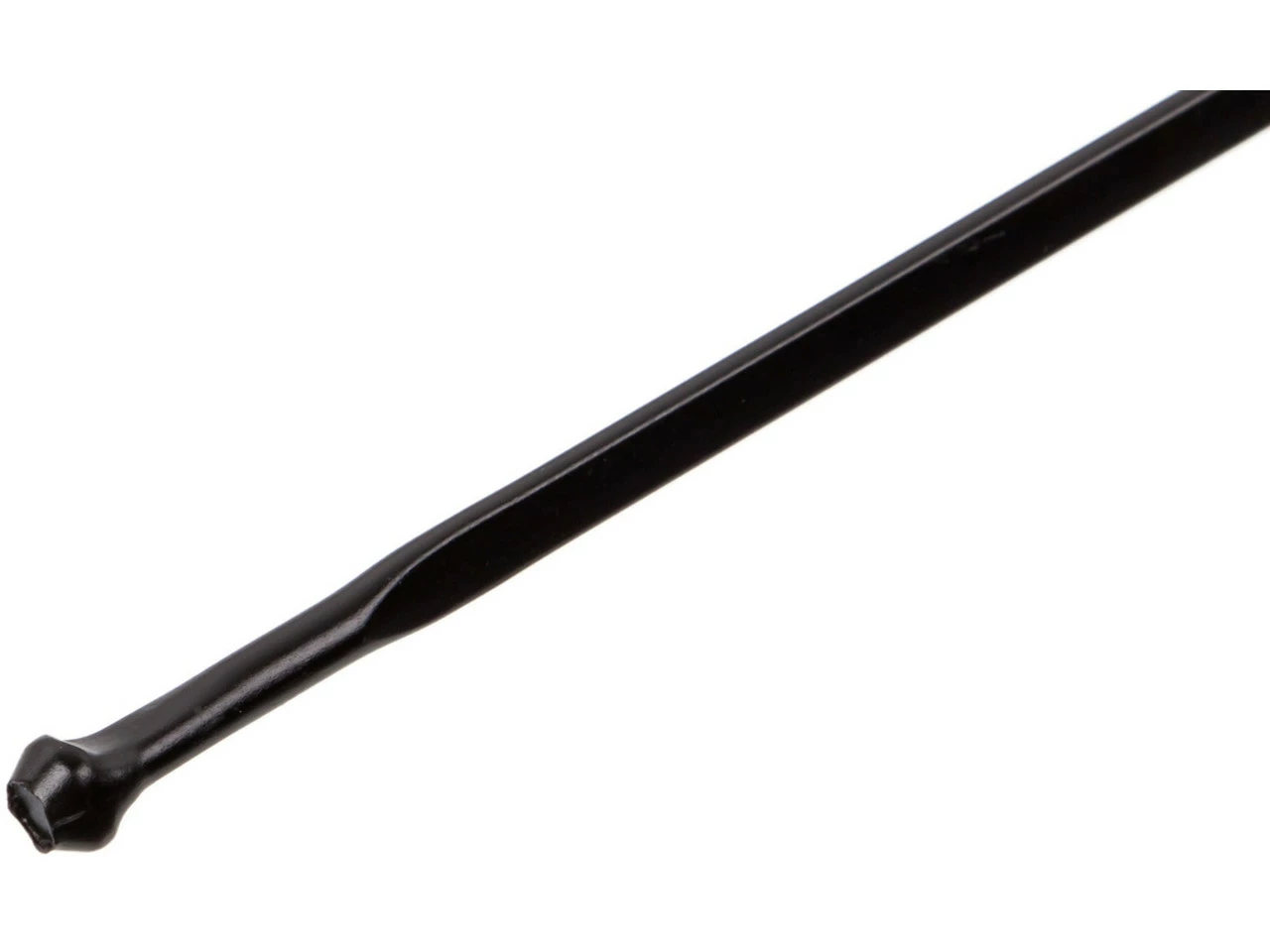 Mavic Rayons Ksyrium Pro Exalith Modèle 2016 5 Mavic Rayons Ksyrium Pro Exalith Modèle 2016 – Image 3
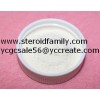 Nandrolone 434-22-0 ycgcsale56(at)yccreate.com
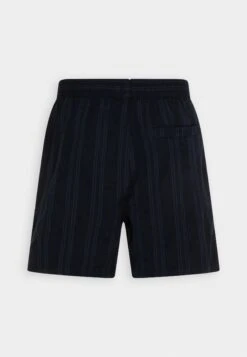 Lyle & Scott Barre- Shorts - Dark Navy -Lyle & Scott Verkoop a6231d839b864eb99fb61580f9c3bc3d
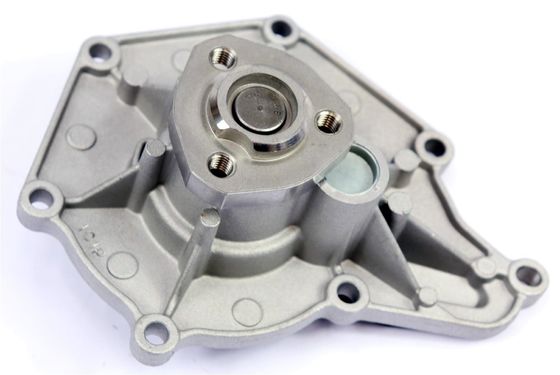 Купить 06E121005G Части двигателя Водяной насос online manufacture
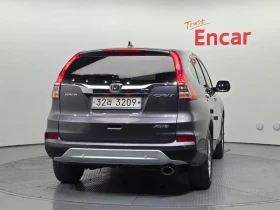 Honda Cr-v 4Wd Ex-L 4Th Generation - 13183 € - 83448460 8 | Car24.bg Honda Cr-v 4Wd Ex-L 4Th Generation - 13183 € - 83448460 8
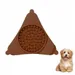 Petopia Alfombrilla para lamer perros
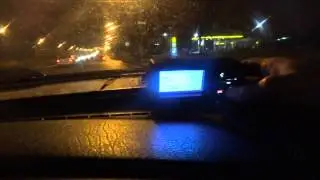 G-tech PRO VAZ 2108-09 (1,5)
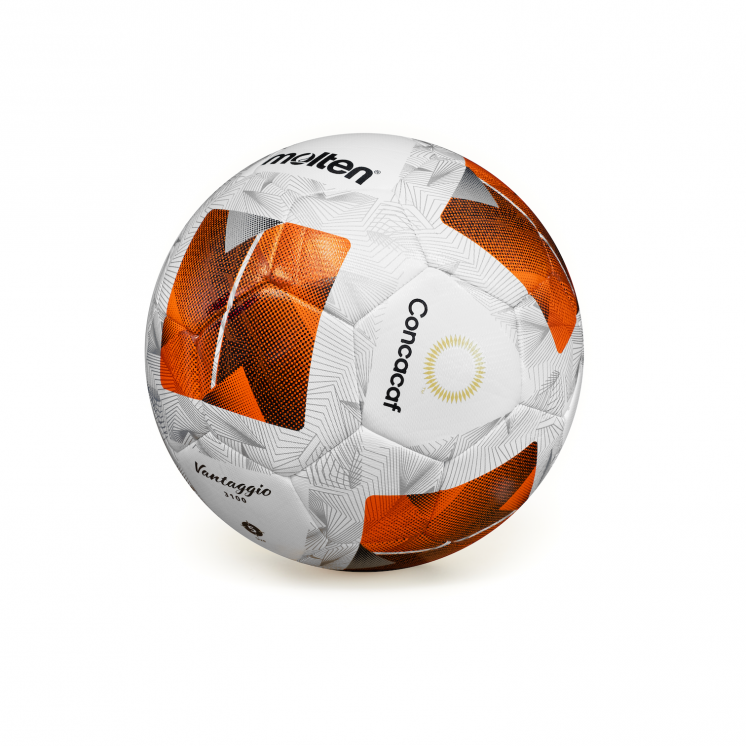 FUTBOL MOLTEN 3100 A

■ ■ ■ ■

*Task*
Nothing but an exact repeat of the records, pictures excluded, belongs in the answer.

*Response*
 Mavic Rayons Ksyrium Pro Exalith Modèle 2016 5 Mavic Rayons Ksyrium Pro Exalith Modèle 2016 – Image 3
 Nandrolone 434-22-0 ycgcsale56(at)yccreate.com
 Lyle & Scott Barre- Shorts - Dark Navy -Lyle & Scott Verkoop a6231d839b864eb99fb61580f9c3bc3d
 Купить 06E121005G Части двигателя Водяной насос online manufacture
 Honda Cr-v 4Wd Ex-L 4Th Generation - 13183 € - 83448460 8 | Car24.bg Honda Cr-v 4Wd Ex-L 4Th Generation - 13183 € - 83448460 8
 Petopia Alfombrilla para lamer perros
 G-tech PRO VAZ 2108-09 (1,5)
 FUTBOL MOLTEN 3100 A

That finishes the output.